L’esistenza della giurisdizione del giudice adito costituisce un presupposto processuale per la decisione nel merito. È auspicabile che la decisione sulla relativa eccezione venga pronunciata quanto prima e possibilmente in limine litis poiché il tardivo accertamento della carenza di giurisdizione comporterebbe l’integrale caducazione delle attività processuali eventualmente svolte. La rimessione in decisione per la pronuncia sulla questione di giurisdizione è quindi consentita ma rientra nei poteri discrezionali del giudice.

Per non dipendere da tale discrezionalità soccorre l’istituto del regolamento di giurisdizione che una qualunque delle parti può richiedere direttamente alla Corte di cassazione al fine di ottenere una pronuncia vincolante e definitiva sulla sussistenza o meno della giurisdizione in capo al giudice adito. La legge 218/1995 ha comportato un problema di coordinamento. Mentre l’art.41 ha mantenuto invariato il riferimento alle questioni di giurisdizione dell’art.37, quest’ultimo è stato modificato dalla legge che ha istituito i differenti criteri di cui si è parlato. Un’interpretazione letterale avrebbe condotto a limitare l’ambito del regolamento alle questioni concernenti il difetto di giurisdizione del giudice ordinario nei confronti della pubblica amministrazione o dei giudici speciali sottraendovi il difetto di giurisdizione del giudice italiano non più solo nei confronti dello straniero.

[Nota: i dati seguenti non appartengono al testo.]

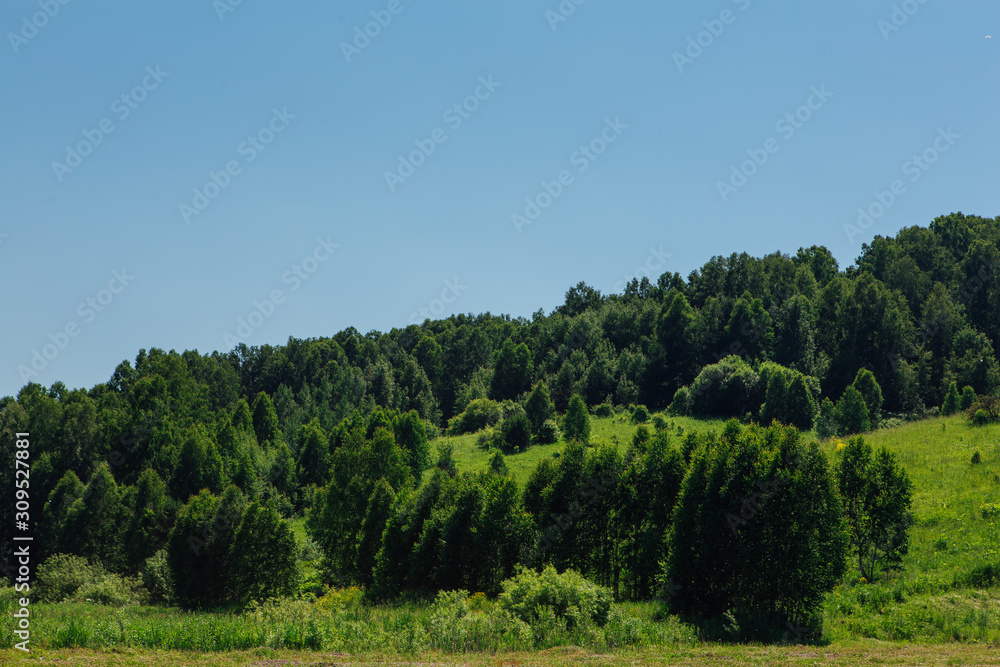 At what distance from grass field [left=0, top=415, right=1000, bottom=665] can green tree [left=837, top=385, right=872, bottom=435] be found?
33570 mm

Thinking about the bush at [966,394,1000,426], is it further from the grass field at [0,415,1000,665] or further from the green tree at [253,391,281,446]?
the green tree at [253,391,281,446]

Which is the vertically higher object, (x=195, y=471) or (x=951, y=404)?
(x=951, y=404)

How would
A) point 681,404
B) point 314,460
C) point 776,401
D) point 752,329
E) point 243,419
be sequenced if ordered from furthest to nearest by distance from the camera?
point 243,419
point 752,329
point 681,404
point 314,460
point 776,401

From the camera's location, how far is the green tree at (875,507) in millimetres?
33094

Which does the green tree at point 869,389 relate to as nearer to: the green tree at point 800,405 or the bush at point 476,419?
the green tree at point 800,405

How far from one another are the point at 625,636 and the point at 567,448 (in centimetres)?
1448

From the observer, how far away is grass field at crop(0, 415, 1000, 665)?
79.5ft

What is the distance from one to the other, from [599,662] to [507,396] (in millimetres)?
90774

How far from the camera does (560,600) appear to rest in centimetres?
2848

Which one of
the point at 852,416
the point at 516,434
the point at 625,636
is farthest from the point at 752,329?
the point at 625,636

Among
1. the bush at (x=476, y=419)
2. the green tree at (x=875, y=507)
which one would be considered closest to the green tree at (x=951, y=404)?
the green tree at (x=875, y=507)

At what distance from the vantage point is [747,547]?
30.0 m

Per quanto riguarda i limiti temporali di proposizione del regolamento, lo stesso risulta esperibile in pendenza del giudizio di primo grado e finché la causa non sia decisa nel merito. Si tratta dunque di un rimedio preventivo tramite il quale la questione di giurisdizione viene ad essere direttamente decisa dalle Sezioni Unite della Cassazione con una pronuncia che si inserisce nel processo di primo grado e che tiene luogo della relativa pronuncia del giudice a quo.

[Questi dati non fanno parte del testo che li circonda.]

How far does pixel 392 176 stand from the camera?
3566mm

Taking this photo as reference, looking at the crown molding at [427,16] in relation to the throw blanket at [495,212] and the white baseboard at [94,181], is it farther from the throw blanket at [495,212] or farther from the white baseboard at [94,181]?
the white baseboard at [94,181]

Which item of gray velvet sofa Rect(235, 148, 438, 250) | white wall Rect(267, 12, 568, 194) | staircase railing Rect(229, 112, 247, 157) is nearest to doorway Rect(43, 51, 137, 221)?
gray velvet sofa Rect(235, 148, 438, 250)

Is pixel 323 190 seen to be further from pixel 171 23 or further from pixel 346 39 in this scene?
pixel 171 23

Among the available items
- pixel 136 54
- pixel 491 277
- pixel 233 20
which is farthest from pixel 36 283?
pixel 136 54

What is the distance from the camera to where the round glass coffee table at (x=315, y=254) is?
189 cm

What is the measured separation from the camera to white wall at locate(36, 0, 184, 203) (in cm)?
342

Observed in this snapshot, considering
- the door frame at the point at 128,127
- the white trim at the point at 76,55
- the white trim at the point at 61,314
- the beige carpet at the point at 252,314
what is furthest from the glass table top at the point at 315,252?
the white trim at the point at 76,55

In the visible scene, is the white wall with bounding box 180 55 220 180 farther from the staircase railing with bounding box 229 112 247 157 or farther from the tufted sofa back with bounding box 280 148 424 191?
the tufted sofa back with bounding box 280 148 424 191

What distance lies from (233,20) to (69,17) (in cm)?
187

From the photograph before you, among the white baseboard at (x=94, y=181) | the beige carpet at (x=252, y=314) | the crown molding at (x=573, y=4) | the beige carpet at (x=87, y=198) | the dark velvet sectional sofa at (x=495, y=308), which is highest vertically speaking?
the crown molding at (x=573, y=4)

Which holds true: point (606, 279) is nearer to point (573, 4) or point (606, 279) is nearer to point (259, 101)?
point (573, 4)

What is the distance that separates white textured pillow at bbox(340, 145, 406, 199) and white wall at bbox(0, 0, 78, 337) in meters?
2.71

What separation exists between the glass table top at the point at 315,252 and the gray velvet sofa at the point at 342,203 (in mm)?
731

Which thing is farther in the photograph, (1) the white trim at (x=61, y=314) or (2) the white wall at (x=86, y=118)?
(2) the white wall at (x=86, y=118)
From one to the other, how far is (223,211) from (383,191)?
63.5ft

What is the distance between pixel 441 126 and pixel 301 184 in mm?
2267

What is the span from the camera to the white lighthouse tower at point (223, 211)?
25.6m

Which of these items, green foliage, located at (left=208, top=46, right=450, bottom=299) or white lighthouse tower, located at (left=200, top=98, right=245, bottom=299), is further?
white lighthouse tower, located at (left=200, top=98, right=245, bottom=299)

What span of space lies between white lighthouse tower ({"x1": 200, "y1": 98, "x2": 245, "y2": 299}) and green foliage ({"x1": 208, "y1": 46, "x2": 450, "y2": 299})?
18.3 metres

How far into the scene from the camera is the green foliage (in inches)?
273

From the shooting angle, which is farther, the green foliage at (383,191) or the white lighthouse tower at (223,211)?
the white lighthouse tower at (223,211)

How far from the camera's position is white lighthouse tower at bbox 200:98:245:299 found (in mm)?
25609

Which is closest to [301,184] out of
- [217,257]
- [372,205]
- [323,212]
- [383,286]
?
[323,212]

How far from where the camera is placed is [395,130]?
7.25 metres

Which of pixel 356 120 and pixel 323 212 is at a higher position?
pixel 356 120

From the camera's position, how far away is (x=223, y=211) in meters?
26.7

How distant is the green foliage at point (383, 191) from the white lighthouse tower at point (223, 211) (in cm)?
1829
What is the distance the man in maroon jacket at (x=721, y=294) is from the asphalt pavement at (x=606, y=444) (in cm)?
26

Il testo attuale dell’art.367 cpc dispone che il deposito presso la cancelleria, del giudice davanti al quale pende la causa, della copia del ricorso per regolamento di giurisdizione recante certificazione della notificazione compiuta alle altre parti, il giudice stesso sospende il processo se non ritiene l’istanza manifestamente inammissibile o la contestazione della giurisdizione manifestamente infondata. Ciò comporta la possibilità di valutazioni diverse del giudice di merito e della Corte regolatrice. Spetta al giudice di merito soltanto una valutazione prima facie dell’ammissibilità e della fondatezza del ricorso.

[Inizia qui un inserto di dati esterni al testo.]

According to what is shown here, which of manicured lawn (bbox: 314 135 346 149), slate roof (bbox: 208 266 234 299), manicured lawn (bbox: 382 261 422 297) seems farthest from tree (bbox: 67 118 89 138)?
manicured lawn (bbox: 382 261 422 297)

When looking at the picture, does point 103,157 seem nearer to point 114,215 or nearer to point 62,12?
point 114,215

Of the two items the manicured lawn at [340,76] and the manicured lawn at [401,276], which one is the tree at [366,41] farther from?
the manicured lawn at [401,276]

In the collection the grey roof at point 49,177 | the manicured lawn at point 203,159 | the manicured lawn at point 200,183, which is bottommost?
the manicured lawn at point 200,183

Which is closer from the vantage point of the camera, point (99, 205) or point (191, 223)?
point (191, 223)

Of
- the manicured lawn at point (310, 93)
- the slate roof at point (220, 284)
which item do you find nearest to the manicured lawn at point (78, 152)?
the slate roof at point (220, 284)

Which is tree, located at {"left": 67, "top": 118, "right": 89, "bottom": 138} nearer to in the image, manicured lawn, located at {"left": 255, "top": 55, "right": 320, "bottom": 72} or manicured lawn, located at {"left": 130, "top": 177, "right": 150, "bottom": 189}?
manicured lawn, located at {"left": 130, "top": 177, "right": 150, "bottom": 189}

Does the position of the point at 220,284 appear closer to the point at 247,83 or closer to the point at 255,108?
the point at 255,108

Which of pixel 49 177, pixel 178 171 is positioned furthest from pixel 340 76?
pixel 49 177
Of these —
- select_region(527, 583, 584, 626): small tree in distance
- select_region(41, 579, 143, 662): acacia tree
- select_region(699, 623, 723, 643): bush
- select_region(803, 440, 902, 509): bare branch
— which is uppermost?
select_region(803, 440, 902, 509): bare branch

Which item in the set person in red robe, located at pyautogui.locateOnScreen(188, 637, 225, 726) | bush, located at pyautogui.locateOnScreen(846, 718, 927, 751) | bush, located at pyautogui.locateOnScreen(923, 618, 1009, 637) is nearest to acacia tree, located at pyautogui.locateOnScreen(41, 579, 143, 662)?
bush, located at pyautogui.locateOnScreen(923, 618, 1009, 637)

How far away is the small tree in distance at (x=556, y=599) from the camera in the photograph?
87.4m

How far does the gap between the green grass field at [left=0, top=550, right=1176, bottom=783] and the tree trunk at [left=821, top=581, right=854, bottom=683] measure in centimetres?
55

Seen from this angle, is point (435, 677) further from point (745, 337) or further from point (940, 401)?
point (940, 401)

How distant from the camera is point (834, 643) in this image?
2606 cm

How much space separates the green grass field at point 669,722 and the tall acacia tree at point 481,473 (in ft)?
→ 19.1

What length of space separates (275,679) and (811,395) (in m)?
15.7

L’accento cade sulla manifesta inammissibilità (perché il regolamento è proposto a di fuori dei limiti tassativi dell’art.41 cpc) o infondatezza (ai sensi delle norme regolatrici dei limiti della giurisdizione italiana). Il giudice istruttore o il collegio provvede con ordinanza. La legge non precisa il regime di stabilità dell’ordinanza. L’ordinanza potrà essere revocata dallo stesso giudice che l’ha emanata sulla base di una diversa soluzione della questione attinente alla manifesta inammissibilità o infondatezza. Occorre segnalare che il d.lgs. 40/2006 è intervenuto anche sul procedimento che dovrà essere osservato davanti alle Sezioni Unite che siano investite da un regolamento di giurisdizione dettando una disciplina applicabile anche al procedimento per regolamento di competenza. Quanto alla forma di provvedimento la Corte di Cassazione si pronuncia sul regolamento di giurisdizione con ordinanza.